Of course, the comparisons to Zombieland are inevitable and rightly so: both have the same ‘genre’ and tone: zombie films with a level of comedy and romance. It’s their themes, however, that set them apart. Warm Bodies is overflowing with heart. See, Warm Bodies decides to set aside the dark and somber mood oft considered a prerequisite for a zombie film and instead gives it a blast of life and hope.
Warm Bodies has a legitimately happy ending. Not like I Am Legend or Zombieland but a real happy ending. Even though things got dark, even though sometimes it looked almost hopeless and the world was coming down, they still got their happy ending. A real happy ending, not the “the world’s gone to hell but they have each other” ending, a proper happy ending.
It’s the same sort of ending you find in Paperman or The Princess Bride or Star Wars. That sense that there’s good in the world, that it can be found no matter what. But more than that it’s the sense that what’s wrong can be set right, that happy endings exist.
Sometimes the idealistic happy ending doesn’t work. I love Serenity, but that movie’s ending is more bittersweet than happy. It’s not bad: good stories don’t need happy endings. Sam said it best in the film adaption of The Two Towers when he tells Frodo about the stories that really mattered. They’ve got darkness and fear, but they’ve got heroes too, the ones who keep going even when things look bleak. But good wins and there’s hope. The Lord of the Rings embodies this so well. Aragorn and the rest are fighting a hopeless battle against the forces of Mordor, Frodo and Sam are struggling to get to Mount Doom. But the Ring gets destroyed and good wins.
What’s important is that the characters earn their ending. They can’t have it just given to them like in fairytales, they have to fight for it! The guy in Paperman could have given up and gone back to his life, Westley could have not rescued Buttercup. Mal could have aimed to behave. But they didn’t and we get the story, we get the ending that leaves us hopeful. We see them prevail, we seem them fight for it.

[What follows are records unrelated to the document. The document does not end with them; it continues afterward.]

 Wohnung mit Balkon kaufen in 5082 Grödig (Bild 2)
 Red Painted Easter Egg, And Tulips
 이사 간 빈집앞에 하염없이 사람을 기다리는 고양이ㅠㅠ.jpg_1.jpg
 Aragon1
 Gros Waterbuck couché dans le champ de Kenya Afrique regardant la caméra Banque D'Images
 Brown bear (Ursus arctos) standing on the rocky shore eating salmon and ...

In order for an ending to provide the appropriate catharsis there needs to be a a something at stake. It doesn’t have to be life threatening: look at Paperman. If we hadn’t seen the guy’s dull job and his boredom with normalcy we wouldn’t have cared about him trying to win the girl. Knowing that he’s tired of life as is, knowing that he wants this break. Furthermore, if we hadn’t seen him fail and fail again we wouldn’t have wanted him to succeed as much. All this makes the happy ending worth it.

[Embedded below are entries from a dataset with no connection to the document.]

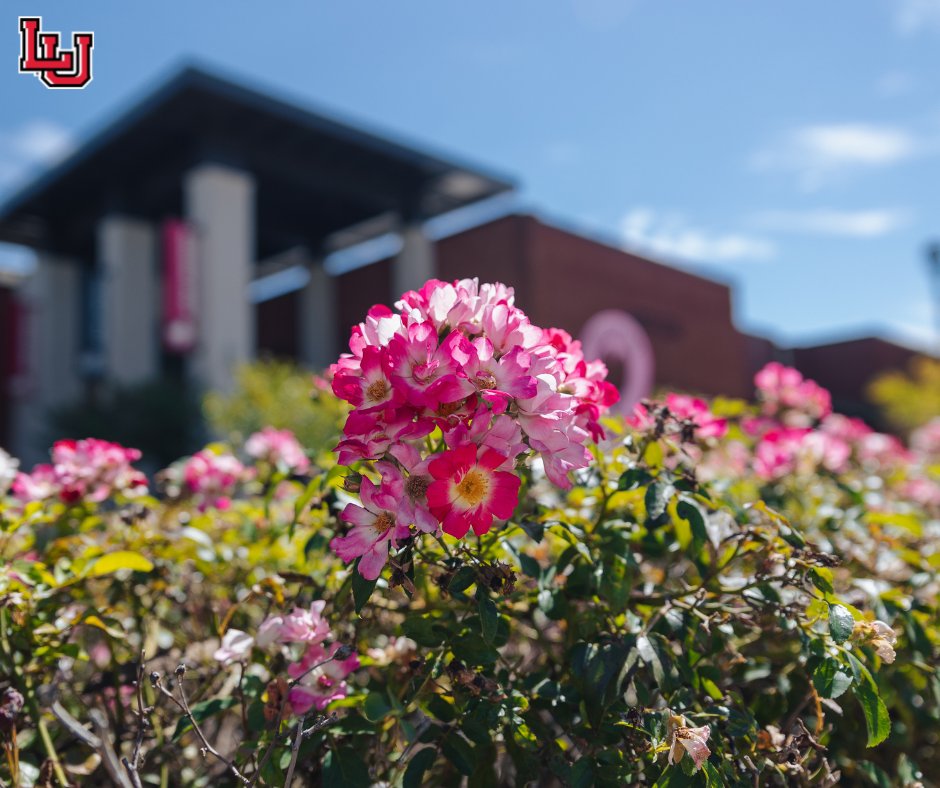 LamarUniversity's tweet photo. This month and every month, we show support to all who are affected by breast cancer. #WeAreLU https://t.co/WW6dK2qErV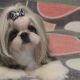 VIKTORIA LALI LOVLY LITTLE DOLL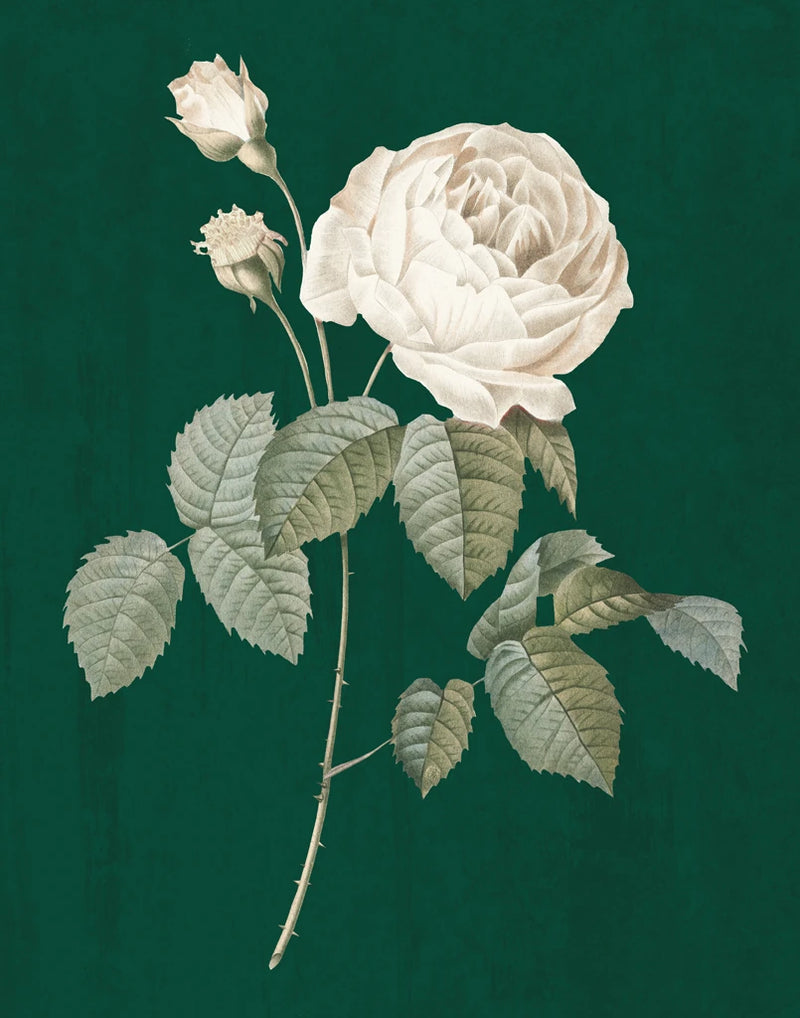 White Roses on Green II by Wild Apple Portfolio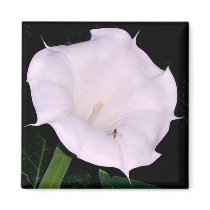Moonflower Magnet by Victoreeah Moonflower Magnet
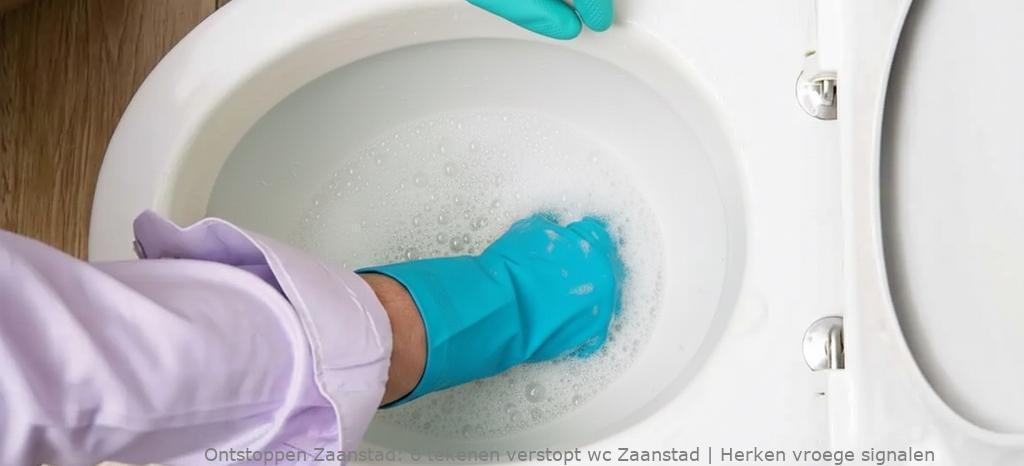 6 tekenen verstopt wc Zaanstad | Herken vroege signalen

I first read Life of Pi seven years ago and now I’m reading it again for school. At the end of Part One, right as the family gets set to sail to America, author Yann Martel takes a break from Pi’s story to return to the metanarrative of Martel listening to Pi tell his story. Martel recounts him running into Pi’s son and shortly after seeing Pi holding his daughter with all the love a father can muster. At this point in the story we don’t know what happened to Pi, just that it was something terrible that haunts him to the present. But we get this glimpse of him with his young daughter and it’s here that Martel writes one of the most important lines in book:
“This story has a happy ending.”
I love it! I heartily agree (and I absolutely adored “Warm Bodies,” the movie; I actually liked it better than the book). And it’s wonderful as a reader to be able to earn that happy ending too: we tough it out with the characters and hope against hope, and earning that catharsis, that sense of “all’s right with the world,” is worth our investment of time and even money. Great thoughts and lovely writing.